The whole point to the Semantic Web is to allow models to be extended, which means that at anytime an ontology could be added to. Ontologies are monotonic, in that they preserve the order of statements, so something can be added but cannot be taken away.
This supports the open world assumption, that anyone can say anything about any topic (AAA). The open world assumption has played a big part in the growth of the web and needs to be taken into consideration when modelling for the Semantic Web. The risk is that if the data is being modelled by anyone then is it accurate? The answer is yes until it is proven false, however when modelling ontologies, the idea is to constrain the data by using rules or Axioms. So for example:
Mouse -> Animal and(hasLimbs only legs)
This constraint prevents any one adding additional limbs to the mouse, like arms or wings. By introducing constraints the risk of bad modelling can be reduced, providing more accurate ontologies.
This post has discussed how languages are building on top of one another to form a layered semantic architecture.
To summarise:
• XML provides a surface syntax for structured documents, but imposes no semantic constraints on the meaning of these documents.

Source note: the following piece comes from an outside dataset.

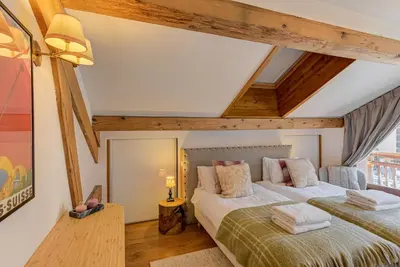two beds in a room with wooden ceilings at Les Melées Apartments - Alpes Travel - Argentiere in Chamonix-Mont-Blanc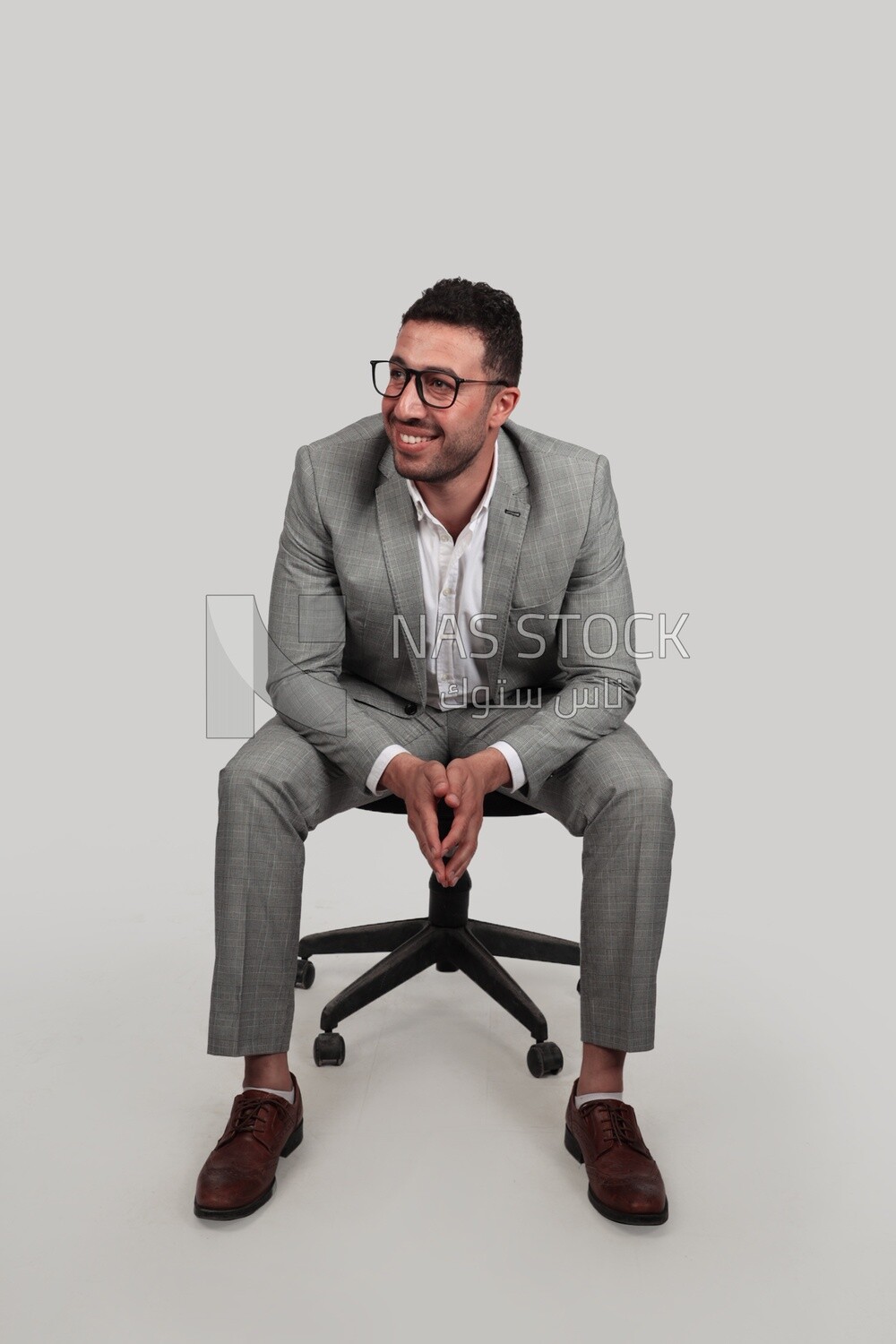 Photo of a businessman with formal wear sitting on a chair, business development and partnerships, business meeting, Model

• XML Schema is a language for restricting the structure of XML documents and also extends XML with data types.
• RDF is a data model for objects (“resources”) and relations between them, provides a simple semantics for this data model, and uses XML syntax.
• RDF Schema is a vocabulary for describing properties and classes of RDF resources, with a semantics for generalisation-hierarchies of the properties and classes.
• OWL adds more vocabulary for describing properties and classes: among others, relations between classes (e.g. disjointness), cardinality (e.g. “exactly one”)
It is apparent that the future of the semantic web and applications will heavily depend on how the semantic architecture is built and used. Each new structure must take into consideration new and previous layers.